EXTRACTED DATA section start
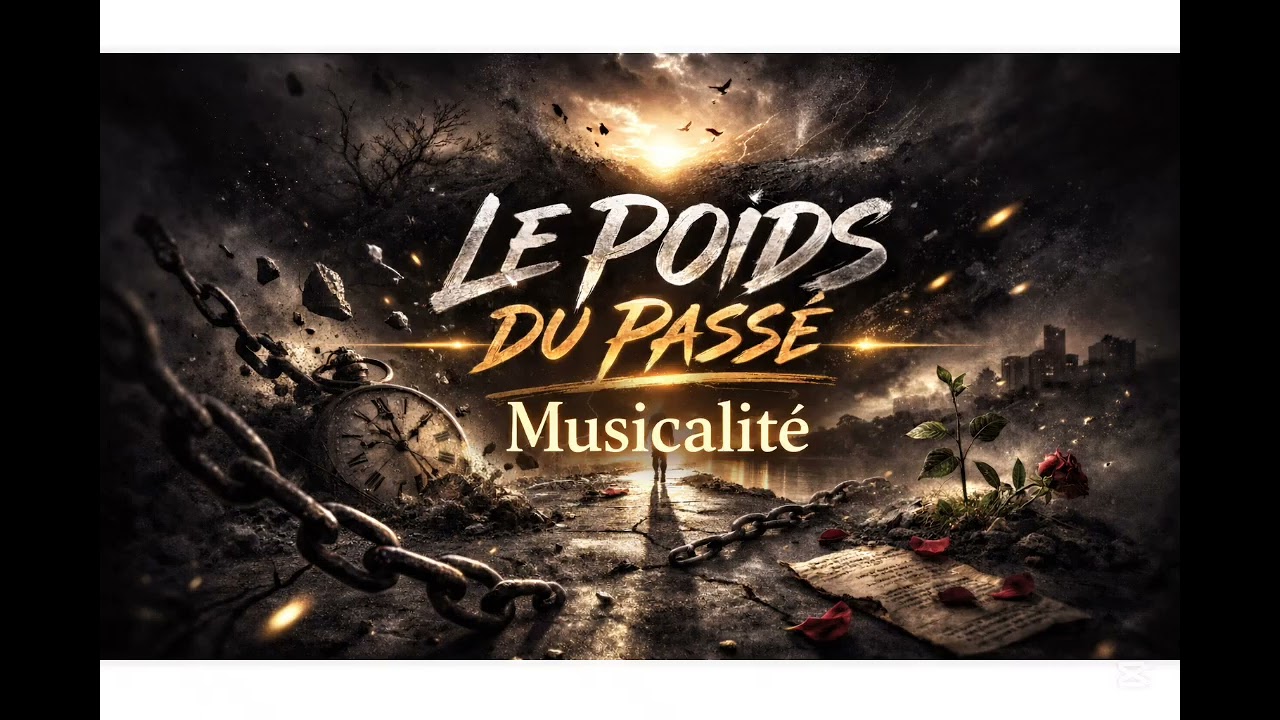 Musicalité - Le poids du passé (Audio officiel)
EXTRACTED DATA section end
EXTRACTED DATA section start
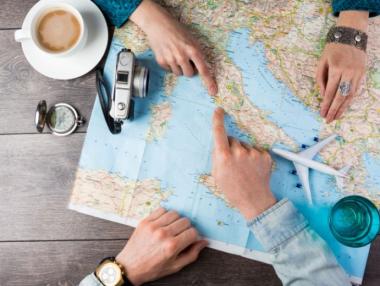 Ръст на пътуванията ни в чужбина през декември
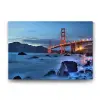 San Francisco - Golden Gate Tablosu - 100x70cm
EXTRACTED DATA section end
EXTRACTED DATA section start
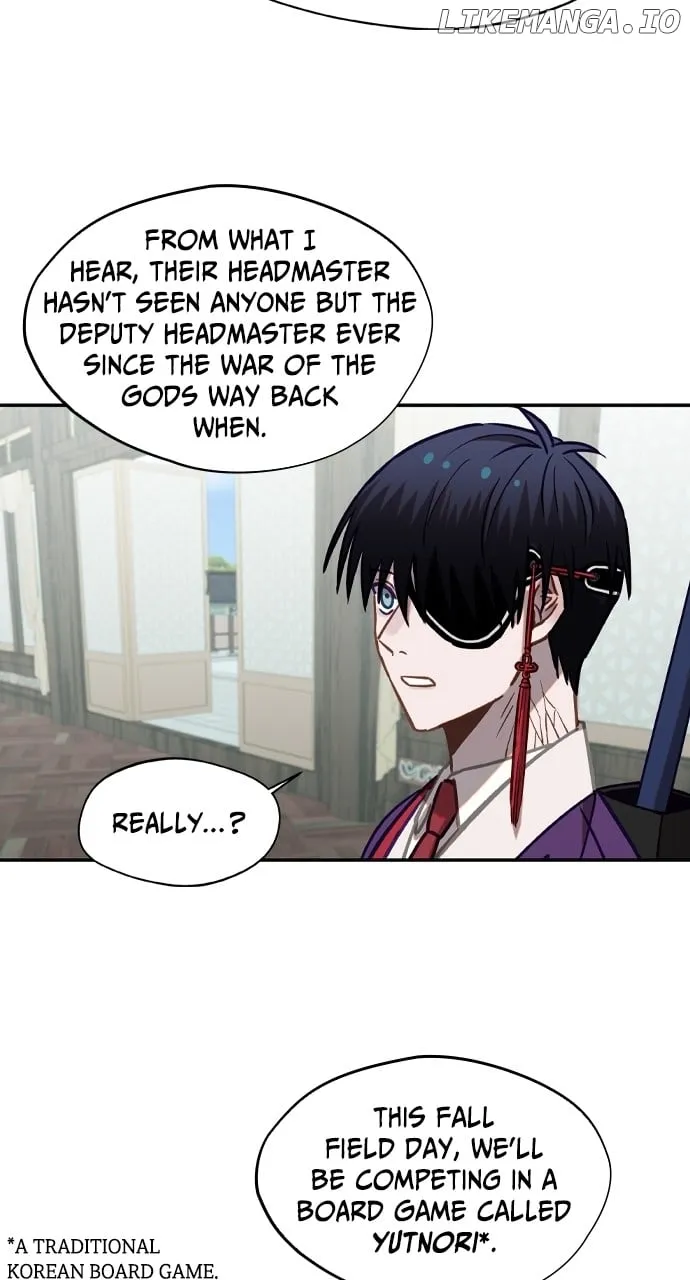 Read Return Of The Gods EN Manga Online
EXTRACTED DATA section end
### TASK INSTRUCTIONS
Here the job is to copy the listing above word for word, starting at the line with "Ръст на пътуванията" and ending at the line with "San Francisco - Golden", and to leave out the pictures.

### EXPECTED OUTPUT
 Ръст на пътуванията ни в чужбина през декември
 San Francisco - Golden Gate Tablosu - 100x70cm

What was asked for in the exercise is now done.